It doesn’t seem like Foxconn wants its own brand of cars. Instead, it wants to design and build a basic EV that can then be modified and branded by other companies. The first Japanese company to take up Foxconn’s offer was Mitsubishi, but it’s not the last if you believe the company’s Chairman Young Liu.
“There are two Japanese automakers; one has already been announced, and the other is almost ready to be,” Liu said at the company’s annual shareholders meeting, without elaborating.
Is it Nissan? The company is cutting a bunch of its budgets, so maybe it’s Nissan. My guess is Nissan.

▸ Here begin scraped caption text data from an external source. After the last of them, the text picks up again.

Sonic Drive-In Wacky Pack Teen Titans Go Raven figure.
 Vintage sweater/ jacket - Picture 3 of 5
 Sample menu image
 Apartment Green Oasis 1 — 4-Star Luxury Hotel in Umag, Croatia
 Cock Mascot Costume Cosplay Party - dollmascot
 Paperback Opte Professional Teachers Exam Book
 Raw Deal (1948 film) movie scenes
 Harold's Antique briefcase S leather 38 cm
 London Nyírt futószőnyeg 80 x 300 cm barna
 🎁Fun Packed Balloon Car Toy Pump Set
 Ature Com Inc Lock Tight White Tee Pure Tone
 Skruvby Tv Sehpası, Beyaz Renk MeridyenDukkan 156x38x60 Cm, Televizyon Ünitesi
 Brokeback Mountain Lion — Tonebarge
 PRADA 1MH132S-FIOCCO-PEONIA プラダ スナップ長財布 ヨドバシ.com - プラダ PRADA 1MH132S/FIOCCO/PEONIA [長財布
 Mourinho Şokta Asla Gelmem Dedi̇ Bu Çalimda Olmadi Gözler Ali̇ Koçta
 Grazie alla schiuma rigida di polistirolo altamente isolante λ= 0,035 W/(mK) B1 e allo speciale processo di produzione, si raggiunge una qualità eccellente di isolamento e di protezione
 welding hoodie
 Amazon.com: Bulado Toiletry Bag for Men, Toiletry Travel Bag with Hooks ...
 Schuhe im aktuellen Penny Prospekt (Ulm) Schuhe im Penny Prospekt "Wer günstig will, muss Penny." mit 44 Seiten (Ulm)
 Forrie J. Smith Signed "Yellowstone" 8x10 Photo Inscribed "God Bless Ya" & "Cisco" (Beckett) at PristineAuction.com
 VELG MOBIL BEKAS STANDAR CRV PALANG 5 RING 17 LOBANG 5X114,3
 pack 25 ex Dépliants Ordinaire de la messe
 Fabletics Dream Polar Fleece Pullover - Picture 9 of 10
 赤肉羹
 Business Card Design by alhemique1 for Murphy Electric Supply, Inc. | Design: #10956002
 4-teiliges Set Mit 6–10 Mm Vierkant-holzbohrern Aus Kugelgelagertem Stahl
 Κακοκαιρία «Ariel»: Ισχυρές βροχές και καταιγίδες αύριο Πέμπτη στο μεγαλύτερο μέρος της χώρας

What I’m Listening To While Writing TMD
I don’t know what’s going to happen more than anyone else, but I do know that Sammy Hagar has some real chops. Please enjoy “Paper Money” by Montrose.
The Big Question
What happens next?
Lead photo: Stellantis
FOXCONN is currently producing the Luxgen N7
https://en.wikipedia.org/wiki/Luxgen_n7
> Foregoing your own business interests
Forgoing.
I will die on this hill.
Matt, I know I’ve said this to you before (and I think in person once too at that big Galpin thing) but let me say it again: I really enjoy reading The Morning Dump, and everything else that you write. 🙂
What happens next? We eat a Snickers bar.
Musk did also tweet ‘You can have a big bill, and you can have a beautiful bill, but you can’t have a big beautiful bill’.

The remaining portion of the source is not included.